» **TASK DIRECTIONS**: Set the pictures aside and transcribe exactly the lines from the one containing "925 Sterling Silver" through the final line of the records.

» **EXERCISE INPUTS**:
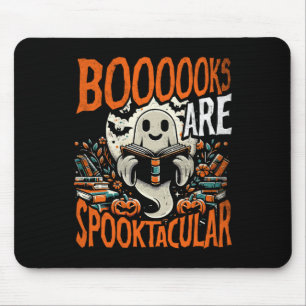 Halloween Shirt Book Lover Design Ghost Met Boeken Muismat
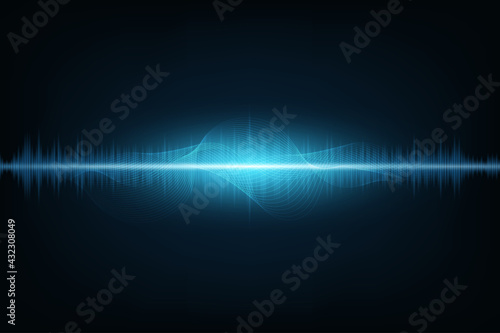 Vector abstract blue digital equalizer. Sound wave oscillating glow. Technology abstract blue background.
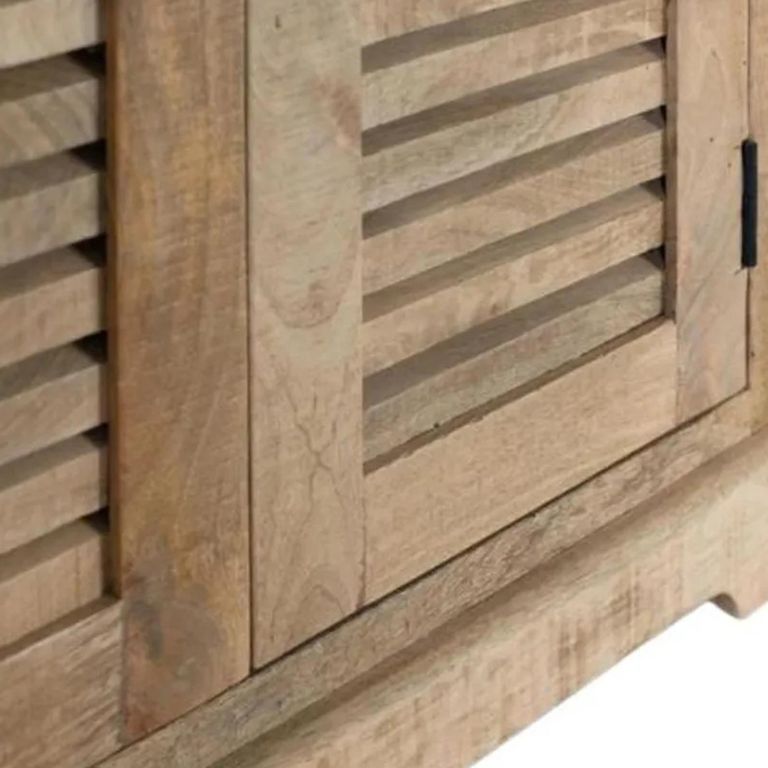 Jaylene Wardrobe - Mango Wood - Louvered - 4 Door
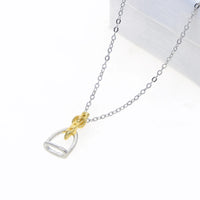 925 Sterling Silver Equestrian Two Tone Gold Plated Stirrup Pendant Necklace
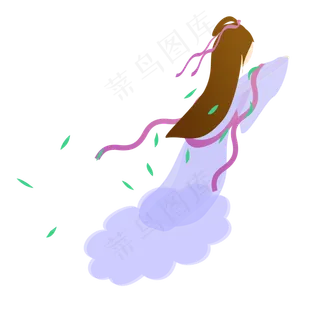 手绘卡通嫦娥飞天元素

» **REPLY**:
 925 Sterling Silver Equestrian Two Tone Gold Plated Stirrup Pendant Necklace
 手绘卡通嫦娥飞天元素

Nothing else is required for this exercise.